Travel Logistics and time zone gymnastics

Well, the time to begin is drawing near!

We leave tomorrow at 9:25 Cali local time and fly for 15 (count 'em) hours to Hong Kong.  A smallish 3-4 hour lay over and then another 5 hours onward to Kathmandu.  If all goes well we arrive at about 10pm local in Nepal.

Ok, so here's the deal on time zones:

Nepal is GMT + 5:45 (I'm not making this up).  Here is the official explanation:

"India's standard meridian passes along the 82.5 degrees East longitude, which is towards the west of Nepal's apparent central meridian.

But, the International Convention on time zones dictates that the standard meridian of a country be a multiple of 7.5 degrees, so that there is a difference of multiples of 30 minutes (7.5 × 4 minutes per degree = 30 minutes) between time zones. As you can see from the map, the convention means Nepal's standard time zone should be the same as India's.

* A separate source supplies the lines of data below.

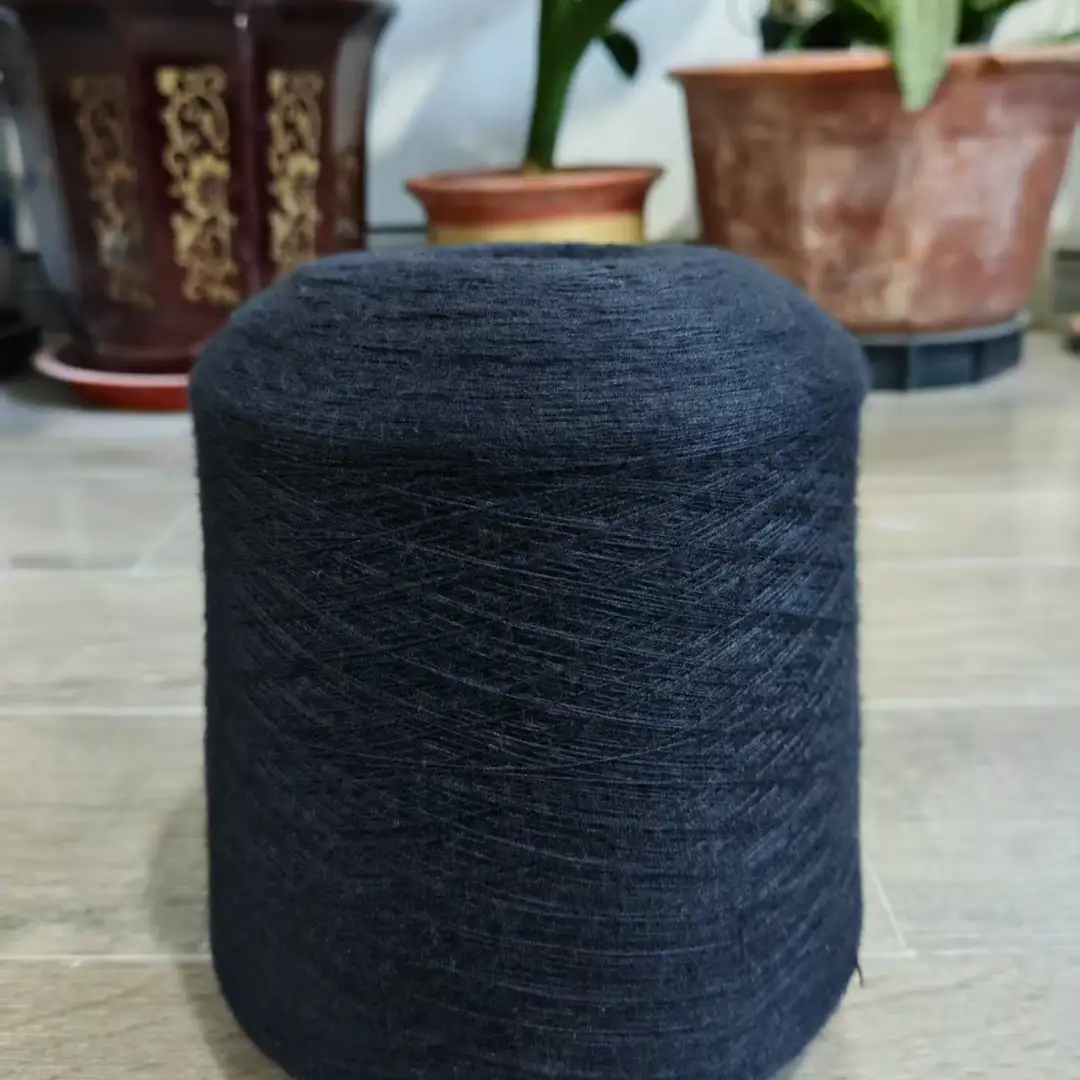 China Yarn for Open Cardigan (Sweater),Full-Zipper Cardigan (Sweater),Half-Zipper Cardigan (Sweater) Core Spun Yarn Regular Yarn Viscose PBT Nylon Black color buy from China wholesaler bulk order at wholesale price free worldwide shipping Alibaba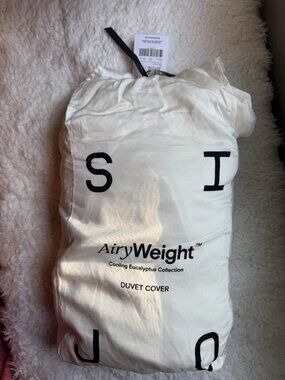 SIJO AiryWeight Tencel Duvet Cover Cooling Eucalyptus Ivory Full/Queen 90"x 90"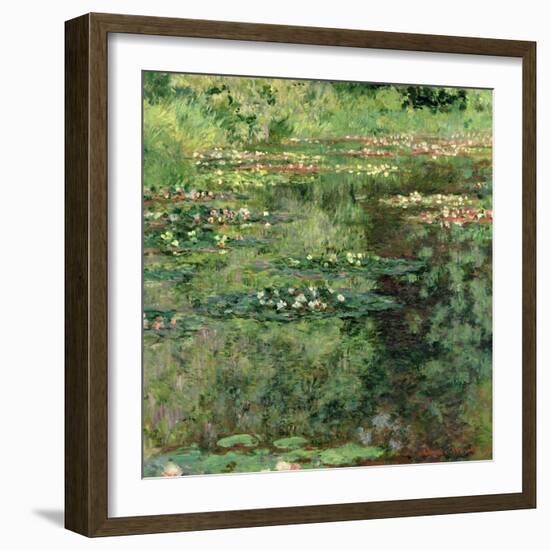 The Waterlily Pond, 1904-Claude Monet-Framed Giclee Print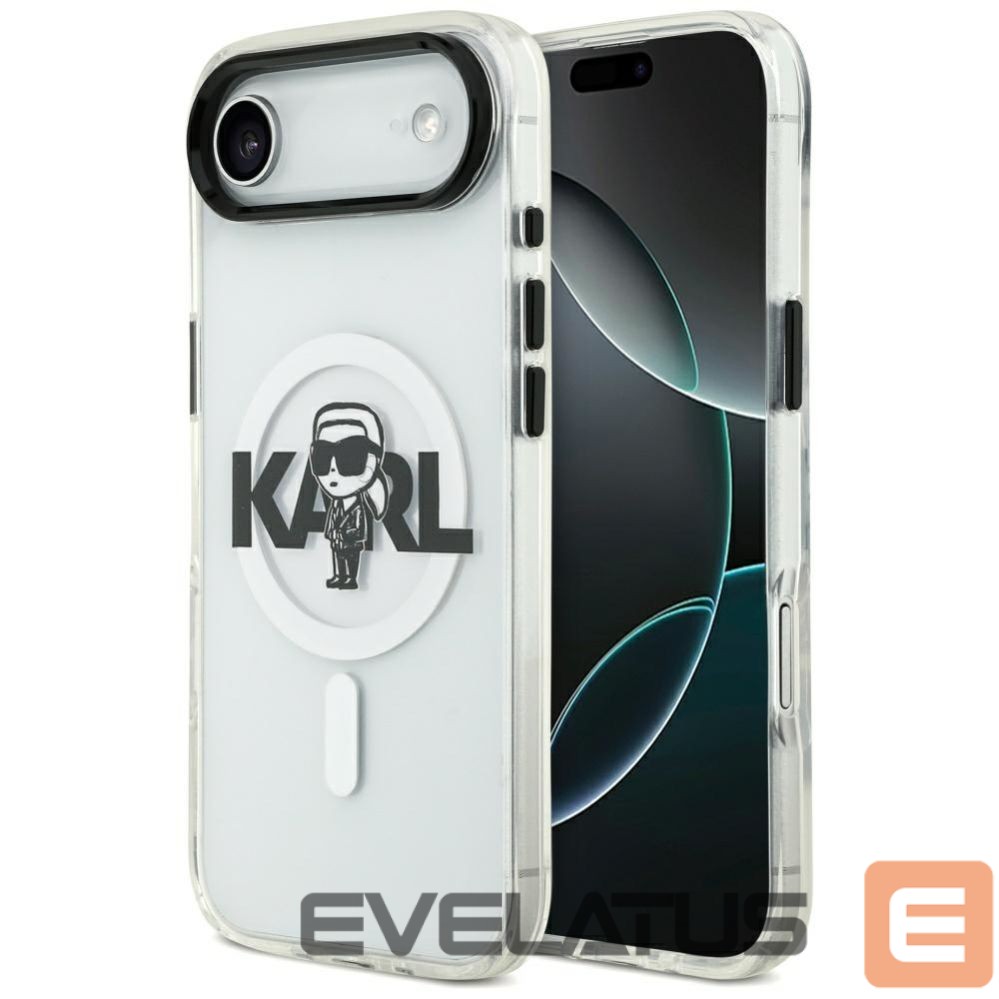 Другие товары Karl Lagerfeld Karl Lagerfeld IML Karl Sketch Logo MagSafe Case for iPhone 17 Air - Transparent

However, Nepal is one of the two exceptions to this convention, as it adopted in 1956. The 82.5 degree longitude divides Nepal into two very unequal parts, with the western portion covering a very small area. So it was decided that Nepal's Standard Meridian should pass through Mount Gauri Shankar (86°20' E), which lies 100 km east to Kathmandu. This is not a multiple of 7.5 degrees, and gives a standard time zone of approximately GMT+05:45, which is approximated to GMT+05:45."

Since all of this was adopted a year before I was born i assume no responsibility for it.

What this means is:

Nepal is 12:45 ahead of California and 9:45 ahead of the East Coast.

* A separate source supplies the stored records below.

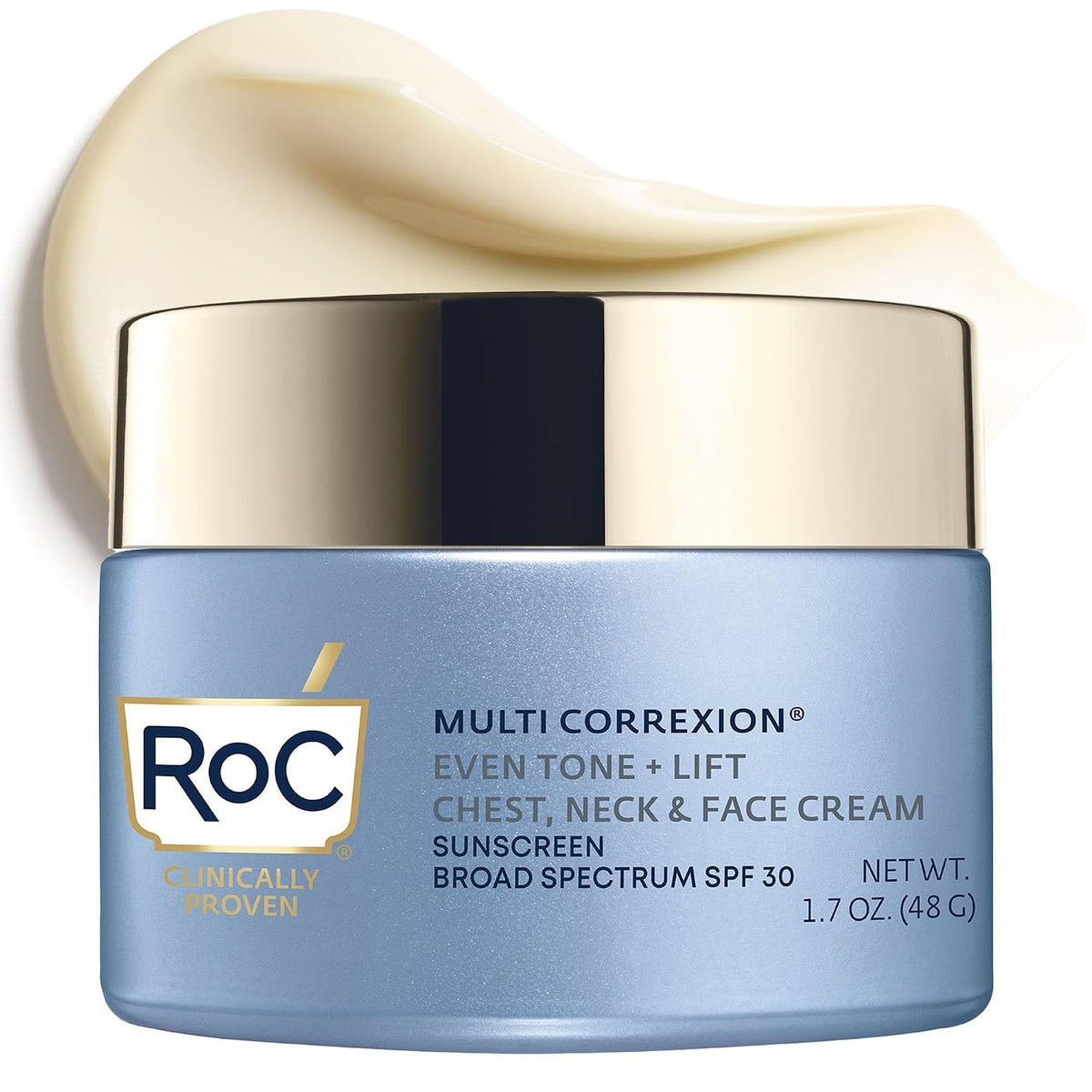 RoC Multi Correxion 5 en 1 Crema hidratante facial para el cuello y...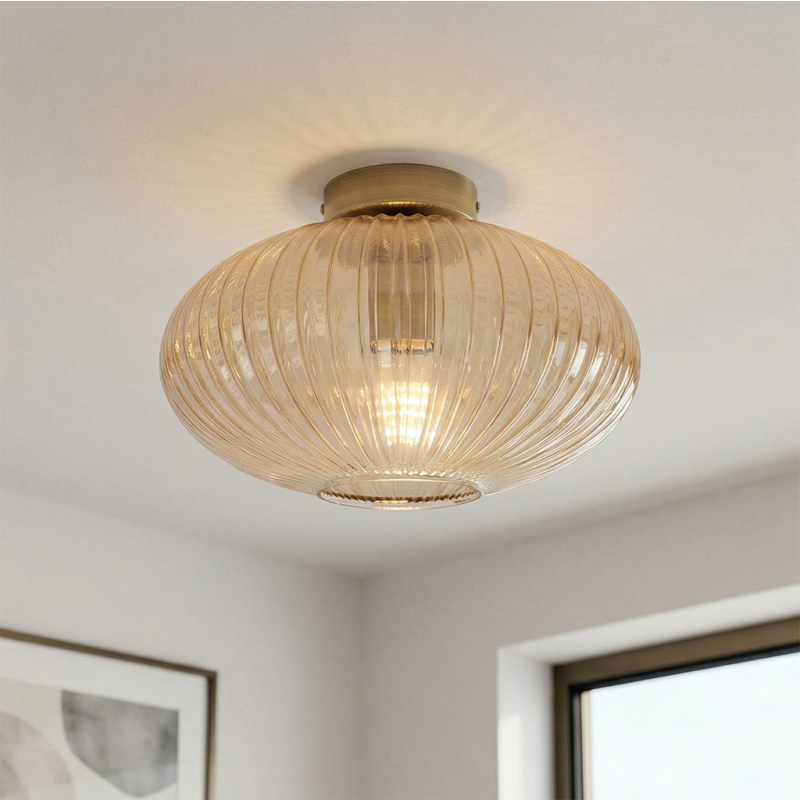 Design plafonnière amber, Charlois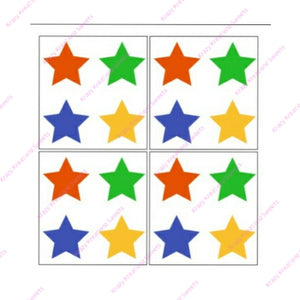 Edible Primary Color Star Paint Palettes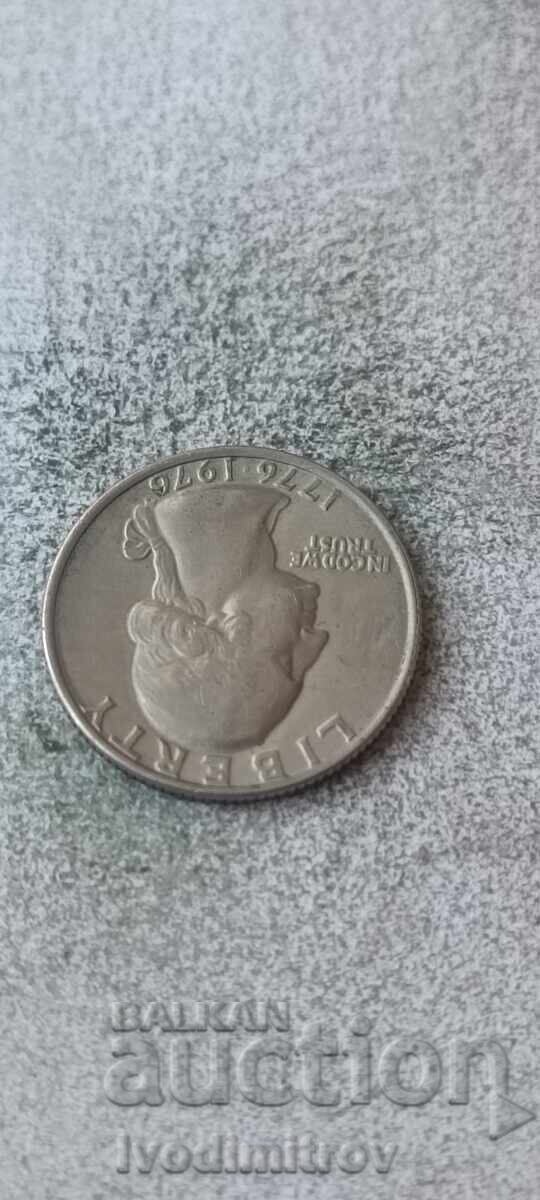 САЩ 25 цента 1976 200 години Независимост с цена € 0.89 | 1.74 лв.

When it's 7 am in Nepal, it's: 6:15pm the prior day in Cali and 9:15pm on the East Coast--this means we can call in before our day begins as all of you are about to go buddy bye.

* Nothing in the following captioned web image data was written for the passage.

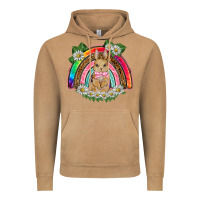 Vintage Camel easter rabbit rainbow Vintage Hoodie - BarkalooDesign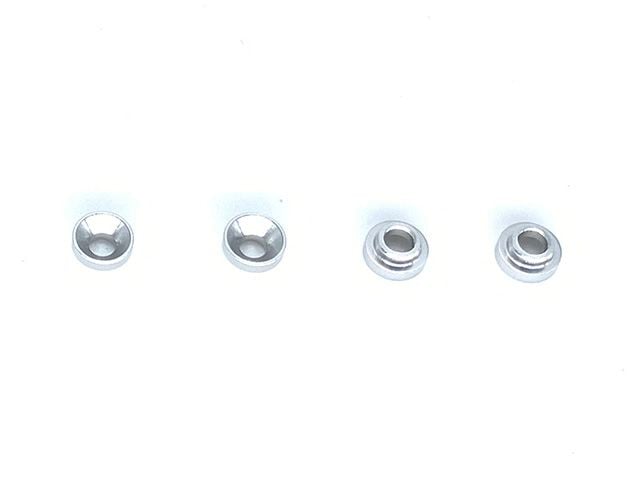 �ե���5mm�ꥵ������M3����å��㡼�ʥ���С�)  ��4������Futaba 5mm Hole M3 Servo Spacer (Silver)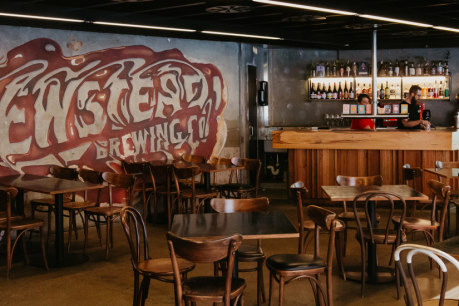 Newstead Brewing’s tasting room, where beer gets the cellar-door treatment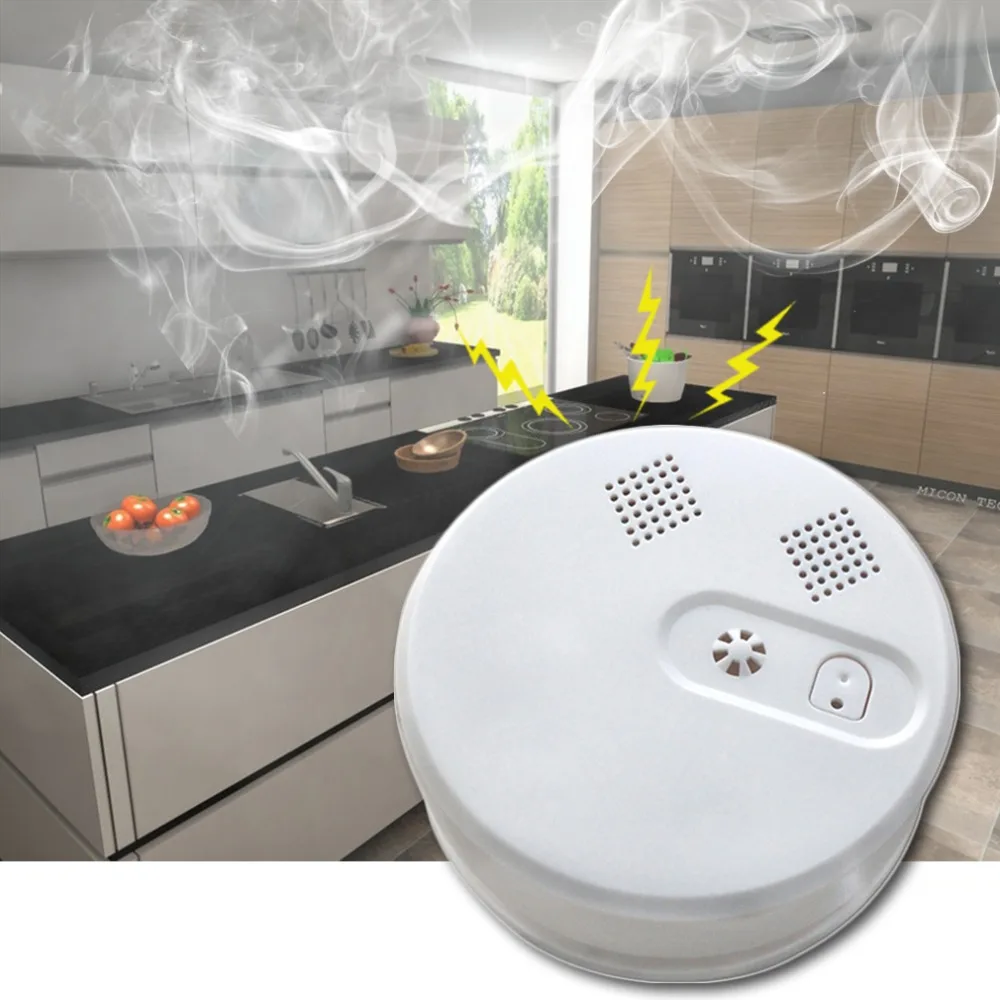 Фотоэлектрический детектор дыма Alart для домашней безопасности, Новый светильник, датчик сигнализации, система оповещения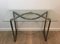 Brushed Steel Console Table 2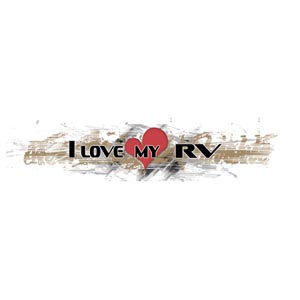 I Love My RV Fun Expressions Decal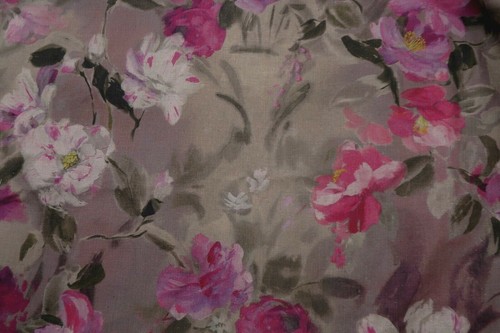 DESIGNERS GUILD CURTAIN FABRIC DESIGN "Damask Flower" 3 METRES DAMSON LINEN - Picture 1 of 7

When its 9pm in Nepal it's 8:15am in Cali and 11:15 am on the East Coast.

This will be perfect for us to update you all twice a day back home.

Here is the Madison Mountaineering overview of our trip up to Everest Base Camp:

Day 1: Depart country of residence. (this is tomorrow, March 31st)

Day 2: Transit day

Day 3: Arrive in Kathmandu. We will pick you up at the airport and take you to the Yak & Yeti hotel. This is historically the ‘climbers hotel’ where many expeditions have stayed over the years. We enjoy a welcome dinner with the team.

Day 4: City tour of Kathmandu, we visit the Monkey Temple, Boudhanath (one of the holiest Buddhist sites in Kathmandu), Pashupatinath, and the Swayambhunath. After the tour we have dinner, then prepare for an early morning flight to Lukla.

Day 5: We fly by fixed wing aircraft into Lukla, and begin our trek! We pass through several Sherpa villages, and enter the Sagarmatha (Everest) National Park. After crossing the river by suspension bridge, we arrive in the village of Phakding.

Day 6: We continue trekking along the Dudh Kosi River through the village of Monjo, then up the hill to Namche Bazaar. Here we will spend 2 nights in our comfortable lodge acclimatizing and enjoying the sights and cafes in Namche.

Day 7: We go for an acclimatization hike and return to our lodge to rest and prepare for the next day of trekking.

Day 8: After breakfast we head out of Namche and traverse the magnificent valley towards Tengboche. Here we have spectacular views of Everest, Lhotse, and Ama Dablam for the first time. We arrive in Tengboche and tour the famous Tengboche Monastery, and then continue to Debuche where we spend the night in the Rivendell lodge.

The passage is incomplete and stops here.